Comprehensive date field correction and standardization using multiple R packages (datefixR, anytime, lubridate). This module handles messy date formats commonly found in clinical databases: different separators, month representations, missing components, and ambiguous formats. Provides standardized date outputs with detailed correction reports and quality assessment. Perfect for clinical research data preprocessing and database standardization workflows.
Usage
datecorrection(
data,
date_vars,
correction_method = "datefixr",
date_format = "auto",
day_impute = 1,
month_impute = 7,
handle_excel = TRUE,
timezone = "UTC",
show_correction_table = TRUE,
show_quality_assessment = TRUE,
show_format_analysis = TRUE,
show_correction_summary = TRUE,
show_interpretation = TRUE
)
Arguments
- data
The data as a data frame.
- date_vars
Variables containing date information in various formats that need correction and standardization. Can handle character strings, numeric values, factors with date representations.
- correction_method
Method for date correction. datefixR provides robust format detection, anytime offers flexible parsing, lubridate allows format specification, and consensus combines methods for maximum reliability.
- date_format
Expected date format for ambiguous cases.

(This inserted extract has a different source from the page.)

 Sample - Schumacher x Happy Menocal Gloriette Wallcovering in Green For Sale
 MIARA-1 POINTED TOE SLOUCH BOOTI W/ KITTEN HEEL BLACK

Auto-detect tries to determine the most likely format based on the data patterns.
- day_impute
Day of month to impute when day is missing (1-31). Default is 1st of month. If value exceeds days in month, last day of month will be used.
- month_impute
Month to impute when month is missing (1-12). Default is 7 (July). Commonly used middle-year value for clinical research.
- handle_excel
Whether to convert Excel numeric date values (days since 1900-01-01). Useful for data exported from Excel spreadsheets.
- timezone
Timezone for output dates. Use UTC for standardization, or local timezone if time-of-day information is critical.
- show_correction_table
Display detailed table showing original values, corrected values, and correction status for each observation.
- show_quality_assessment
Provide quality assessment including success rates, common problems, and recommendations for further correction.
- show_format_analysis
Analyze detected date formats and patterns in the original data.
- show_correction_summary
Summary statistics of the correction process including before/after comparison and data quality metrics.
- show_interpretation
Display guidance on date correction methods, best practices, and recommendations for clinical research data.